> **PROBLEM TO SOLVE**
From the line with "HTU Women Nylon" to the final line of the data below, please write out every line exactly, with no pictures.

■ ■ ■ ■ ■ ■ ■

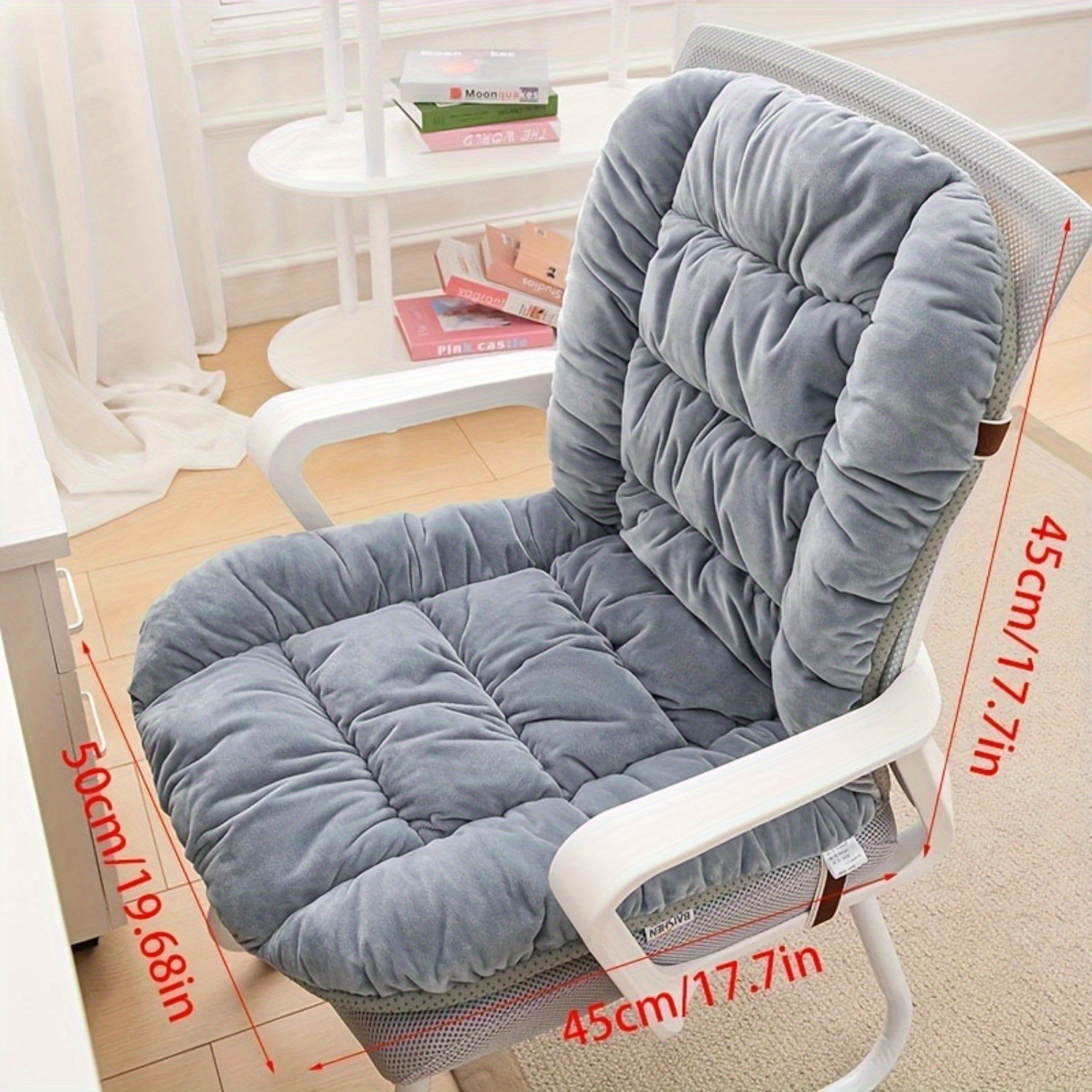 HAOZCL Ergonomic Office Chair Cushion with Integrated Backrest Thick, Washable Seat Pad for Comfort and Support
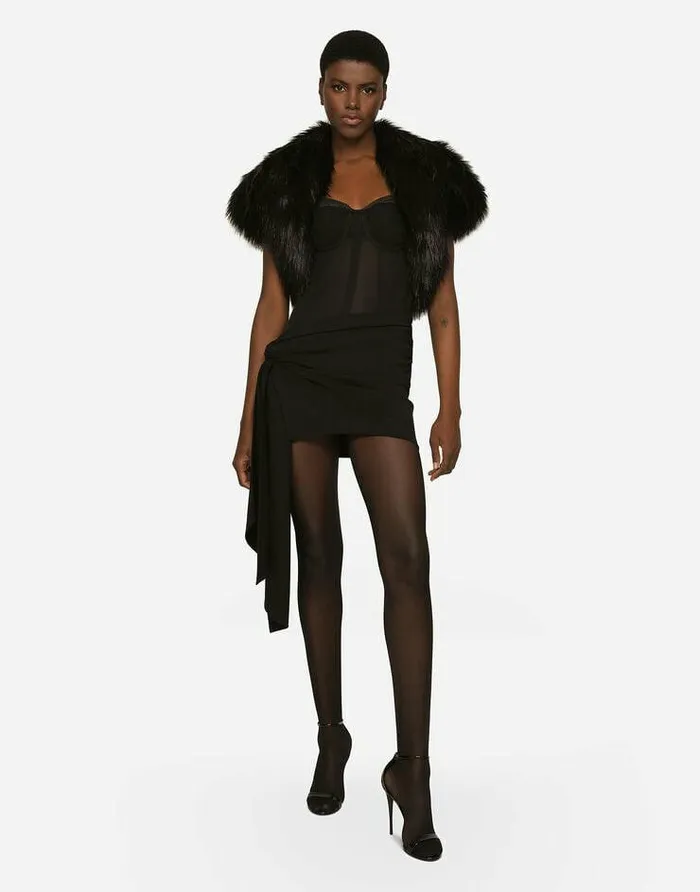 Dolce and Gabbana Blazers Women Faux Fur Shrug Black Dolce and Gabbana Blazers Women Faux Fur Shrug Black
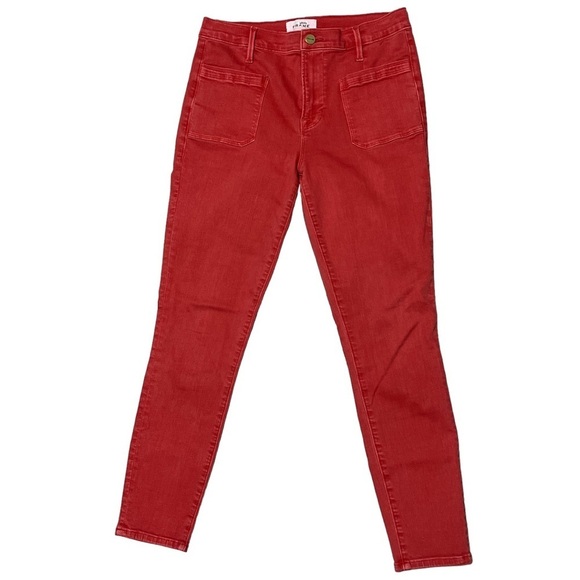 Frame Denim Le Bardot High Rise Skinny Ankle Jeans in Cherry Size 28 - Picture 5 of 14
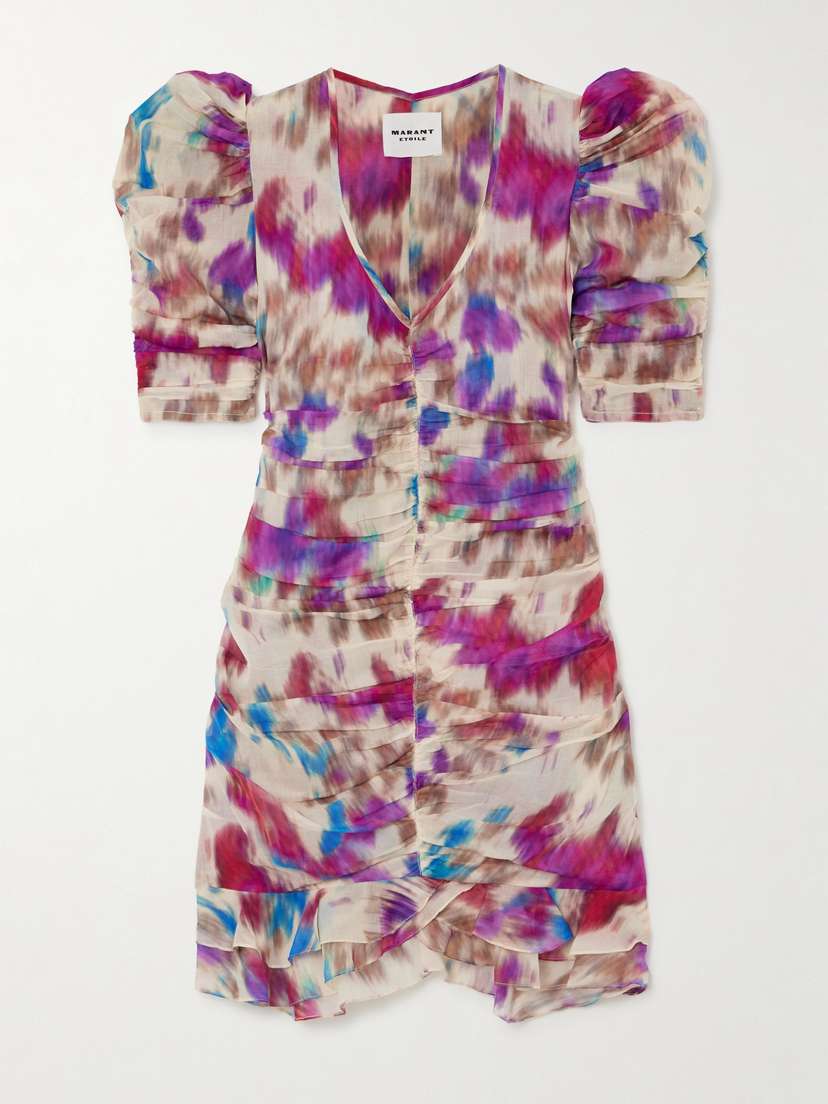 Marant Étoile Sireny Ruched Printed Cotton-voile Mini Dress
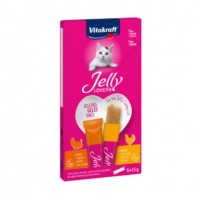 Vitakraft  Jelly Lovers, желейное лакомство для кошек, 2 вкуса, с курицей и индейкой, 6 стиков по 15 г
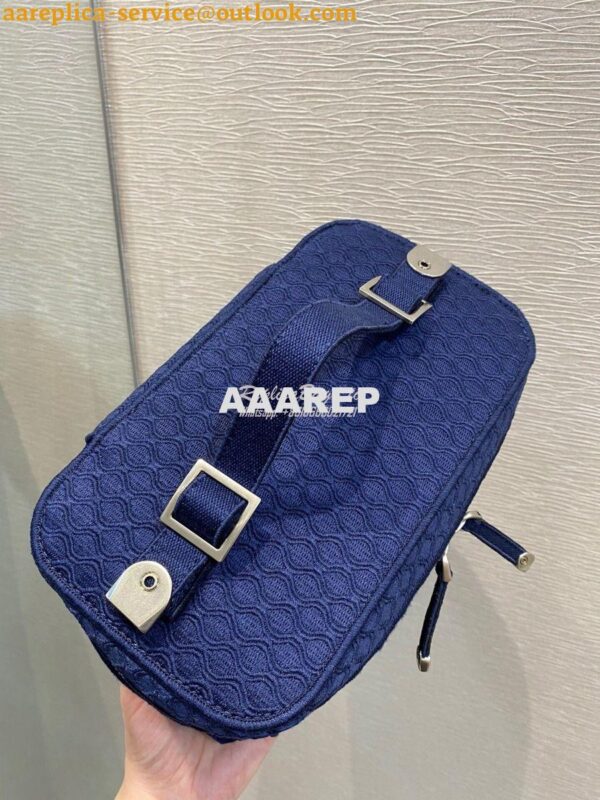 Replica Dior DiorTravel Vanity Case Bag S5480 Blue Mesh Embroidery 6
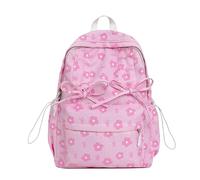 HTU Women Nylon Floral Print Backpack with Pendant Sweet Bow Student School Bag Multi-Pockets Large Capacity Lightweight Preppy Knapsack Outdoor Travel Trip Backpacks(Pink) (粉色 360 * 270 * 130)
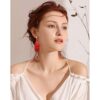 Boho Statement Tassel Rattan Leather Earrings Ethnic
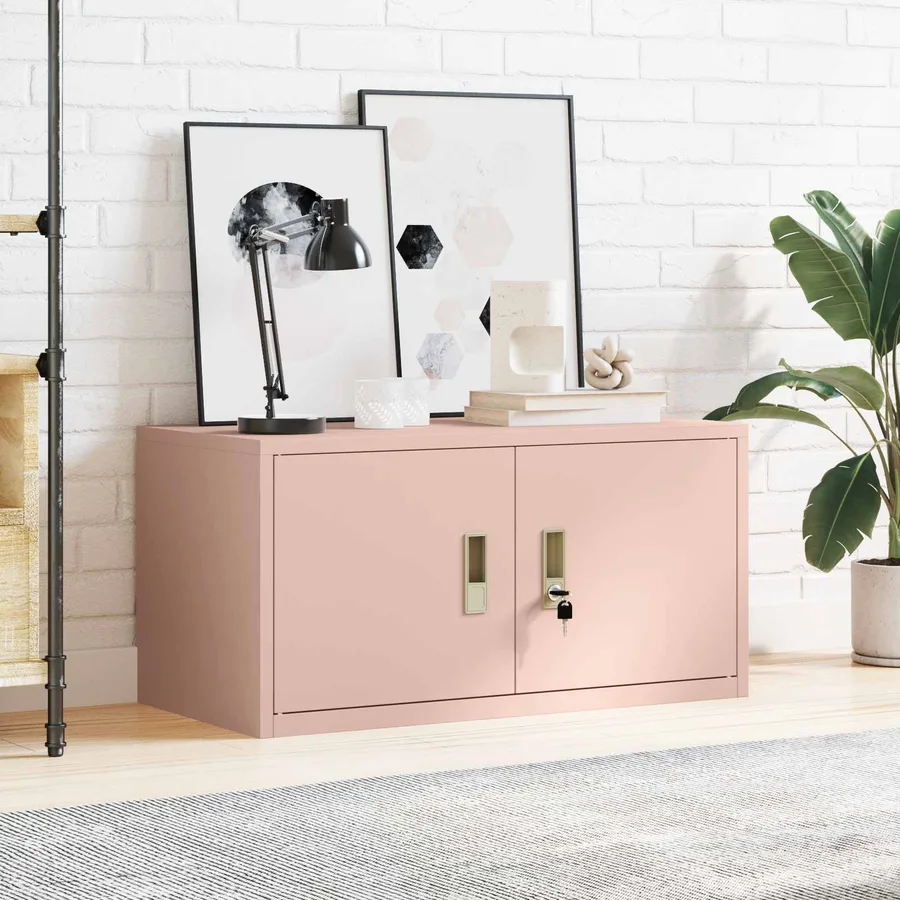Armoire de rangement Rose 80 x 40 x 40 cm Acier - 4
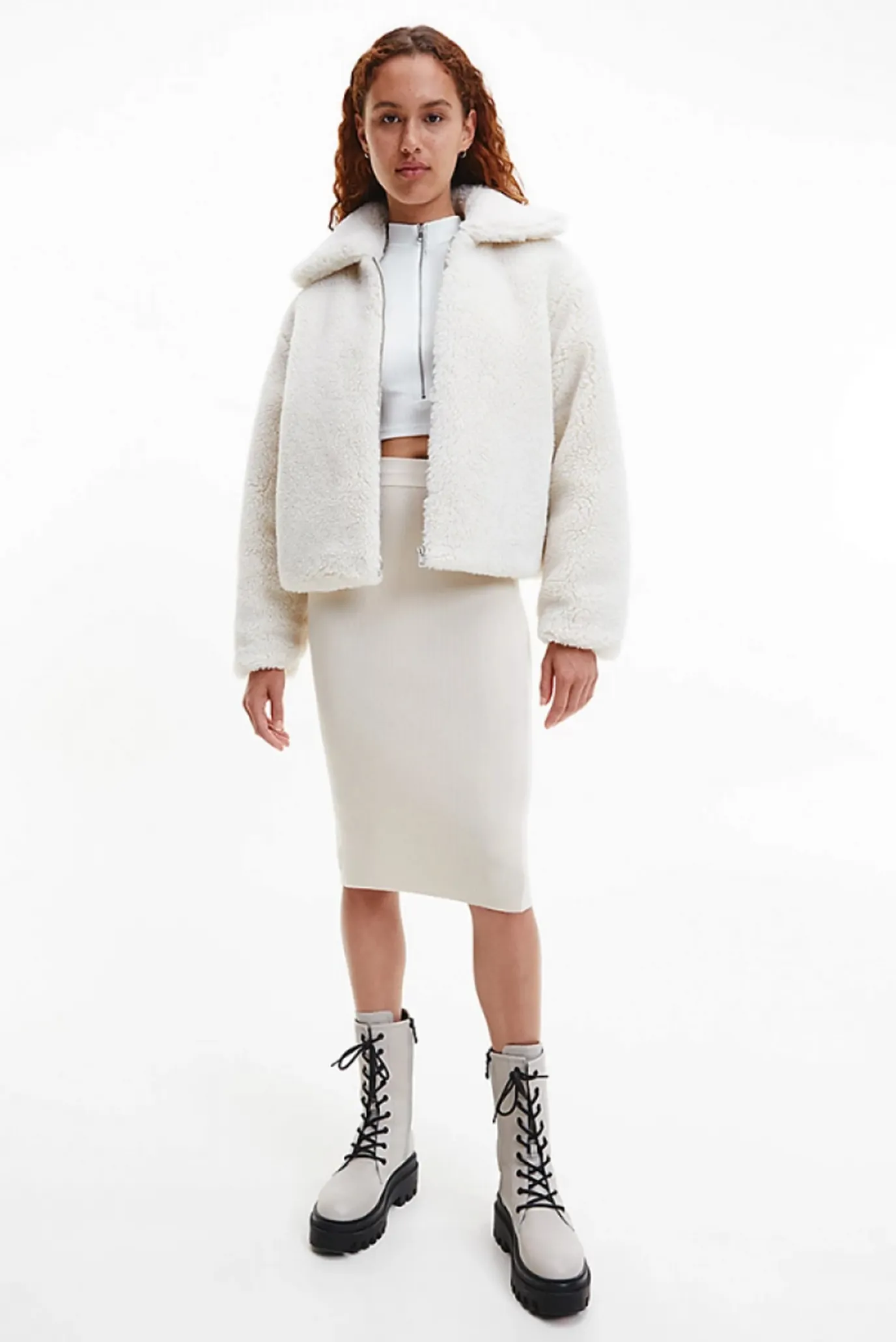 Жіноча біла куртка BACK CK SHERPA SHORT JACKET Calvin Klein Jeans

■ ■ ■ ■ ■ ■ ■

> **TASK OUTPUT**
 HTU Women Nylon Floral Print Backpack with Pendant Sweet Bow Student School Bag Multi-Pockets Large Capacity Lightweight Preppy Knapsack Outdoor Travel Trip Backpacks(Pink) (粉色 360 * 270 * 130)
 Boho Statement Tassel Rattan Leather Earrings Ethnic
Armoire de rangement Rose 80 x 40 x 40 cm Acier - 4
 Жіноча біла куртка BACK CK SHERPA SHORT JACKET Calvin Klein Jeans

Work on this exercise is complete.